Example: If you're importing 10,000 contacts and 500 lack both email and phone, those 500 won't appear in your audience. Review the error report to identify data quality issues in your source system and correct them before re-importing.

After validation, Connect compares reachable contacts against your existing audience. The key attribute and addressable attributes determine how each contact is processed.
Case A: Existing key found
When a contact key from your file matches a key already in the audience, Connect treats this as the same person and updates all attribute values based on the file data.
Example: You are importing recent records from your order tracking system. Customer "ESX3845" exists in your audience with an old "Last Order" date of January 2024. Your file shows their latest purchase was March 2025. Connect updates the existing contact record, preserving their contact key while refreshing all other attributes including the purchase date, ensuring your customer data stays current for segmentation and personalization.
Case B: New key detected
When a contact key in your file doesn't exist in the audience, Connect examines addressable attributes (email and phone) to determine the correct action.
Existing addressable attribute found
Connect searches for contacts with matching email addresses or phone numbers. The outcome depends on whether the matched contact has a key assigned.
Scenario 1 - No existing key
The contact in your audience doesn't have a key. Connect assigns the key from your import file and updates all other attributes. This commonly occurs when contacts were originally added through web forms or campaigns that didn't capture your internal customer ID.
Example: A prospect filled out a web form, creating a contact record with email "[email protected]" but no customer key. Later, they make a purchase and receive customer ID "ESX3845" in your e-commerce system. When you import the customer data with their ID, Connect recognizes the email, adds the customer key, and updates the contact profile—unifying the prospect and customer records.
Scenario 2 - Existing key present
The matched contact already has a different key assigned. Since contact keys are permanent identifiers, Connect cannot overwrite them. Instead, it creates a new contact with the key from your file.
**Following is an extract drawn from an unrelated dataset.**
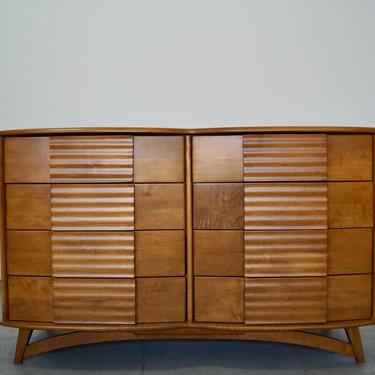 1950's Mid-century Modern Dresser in Solid Maple - Professionally Refinished! 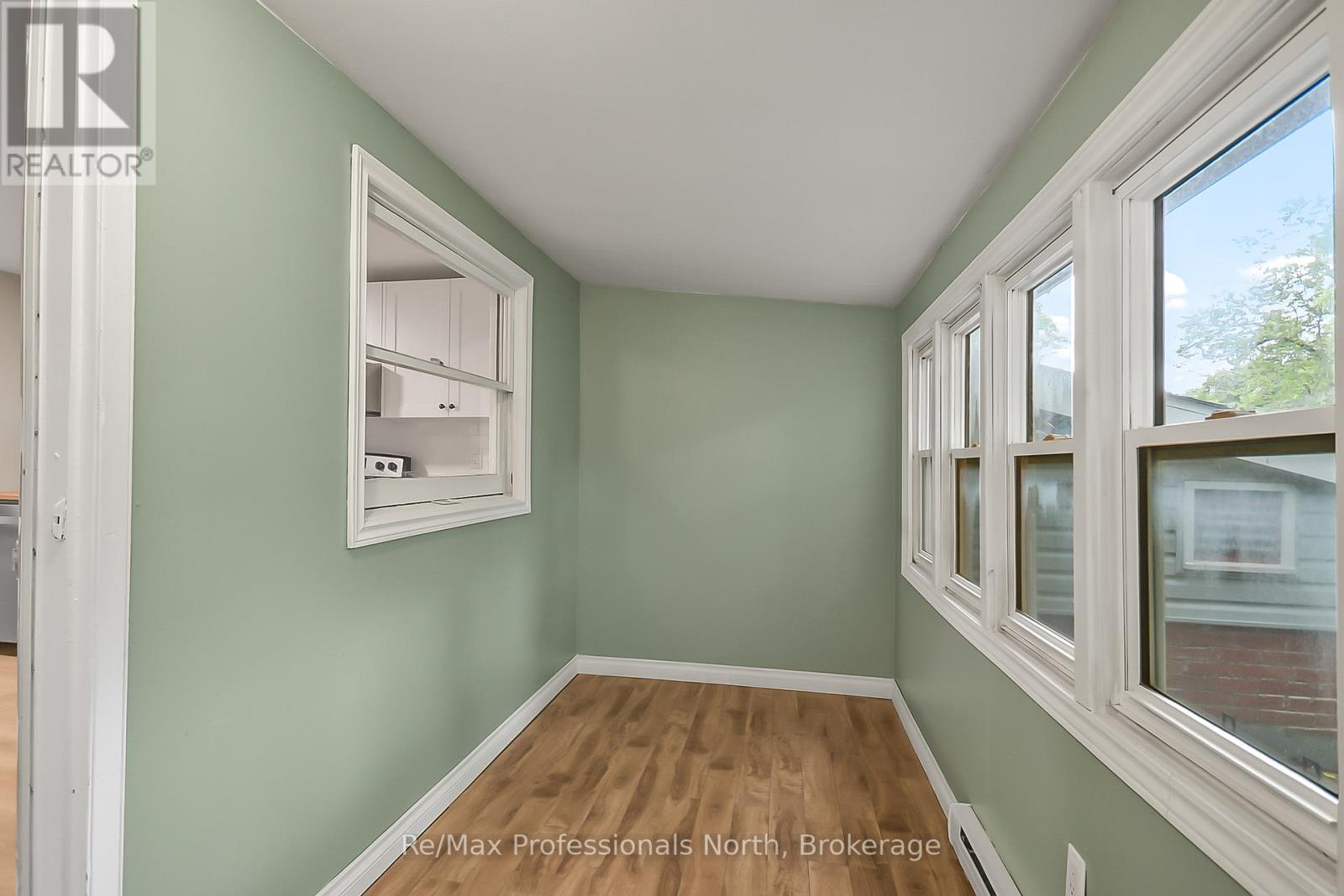 175 Sarah Street S, Gravenhurst, Ontario  P1P 1H7 - Photo 28 - X12299195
Example: Two family members share an email address: [email protected]. Sarah (key: "SAR001") is already in your audience. Her partner Alex makes a purchase using the same email, receiving key "ALX001". When you import Alex's data, Connect creates a second contact record because the key is different, even though the email matches. Both contacts can now receive personalized communications based on their individual purchase histories.

Contact processing flow
All addressable attributes are new
When neither the email address nor phone number from your file exists in the audience, Connect creates a completely new contact record.
Example: You import leads from a trade show. These contacts have never interacted with your company before, so their emails and phones are new to your system. Connect adds them as fresh contact records, ready for your welcome campaign.
Note
If your audience doesn't use contact keys, Connect relies entirely on addressable attributes (email and phone) for matching and deduplication.